Women In Astronomy

At age ten, Vera Rubin was fascinated by the stars, as she watched the night sky revolve from her north-facing bedroom in Washington D.C. Although her father was dubious about the career opportunities in astronomy, he supported her interest by helping her build her own telescope and going with her to amateur astronomers’ meetings. She got a scholarship to the prestigious women’s college Vassar, where she graduated as the only astronomy major in 1948.

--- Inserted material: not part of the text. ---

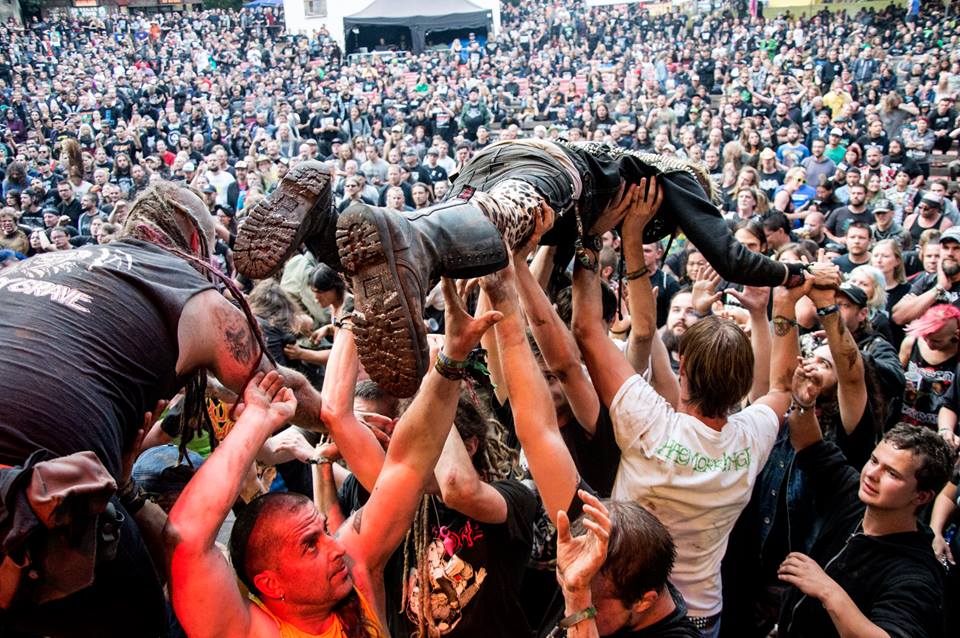 Hudební festival Obscene Extreme.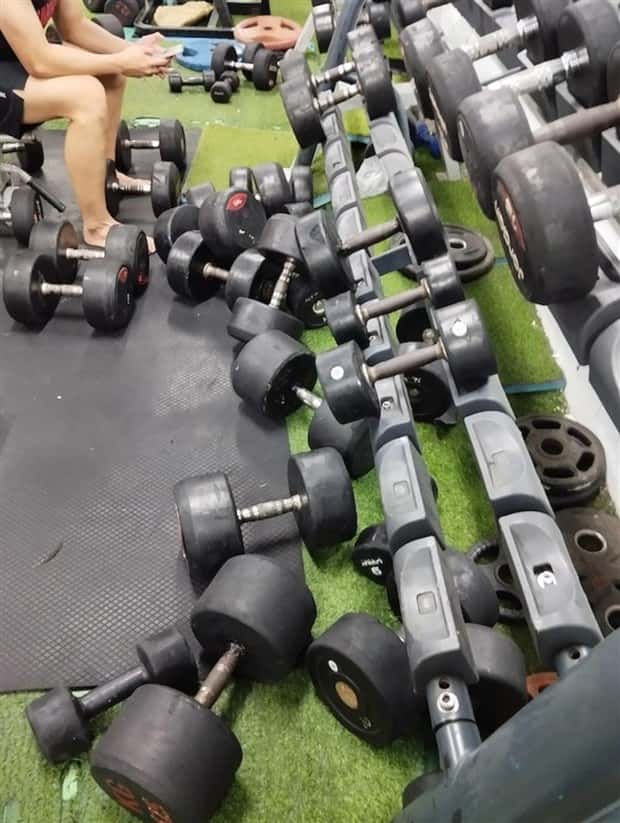 people being jerks 27 30 Times People Were Complete Jerks (30 photos)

She enrolled for her Master's degree at Cornell University, where she studied physics under Philip Morrison, Richard Feynman, and Hans Bethe. She completed her study in 1951, during which she made one of the first observations of deviations from the Hubble flow in the motions of galaxies. She argued that galaxies might be rotating around unknown centers, rather than simply moving outwards, as suggested by the Big Bang theory at that time. The presentation of these ideas was not well received. Rubin’s doctoral work at Georgetown University was conducted under advisor George Gamow. Her PhD thesis upon graduation in 1954 concluded that galaxies clumped together, rather than being randomly distributed through the universe. The idea that clusters of galaxies existed was not pursued seriously by others until two decades later.
In the late 1970s, Vera was perplexed when she analysed the results of her observations of the Andromeda Galaxy at the laboratories of the Carnegie Institution in Washington. The great spiral of our large galactic neighbour had a strange rotation: the stars on the edges moved as fast as the ones at the centre, which violated Newton’s laws of motion (which also regulate how the planets revolve around the Sun). That result also contradicted classical mechanics, unless there was some kind of material that could not be seen. Rubin did not know it yet, but she had found the first evidence of the existence of dark matter.
Vera Rubin loved science as a child, but as she progressed in her studies she realized that her great passion, astrophysics, was a field dominated by men. She was the only woman to graduate in astronomy at Vassar College in 1948 and was unable to study a doctorate in astronomy at Princeton simply because the institution did not accept women at that time. She did not give up, however, and eventually got a PhD. at Georgetown University. She became, albeit unintentionally, a fighter for the presence of women in science.

Rubin died on December 25, 2016, at the age of 88, without the Nobel Prize that her colleagues believed she deserved. No woman has received the Nobel Prize in Physics since 1963, when Maria Goeppert Mayer shared it with Eugene Wigner and J. Hans Jensen for their work on atomic structure and theory, and the only woman before Mayer was Marie Curie in 1903.

"In a spiral galaxy, the ratio of dark-to-light matter is about a factor of ten. That's probably a good number for the ratio of our ignorance-to-knowledge. We're out of kindergarten, but only in about third grade."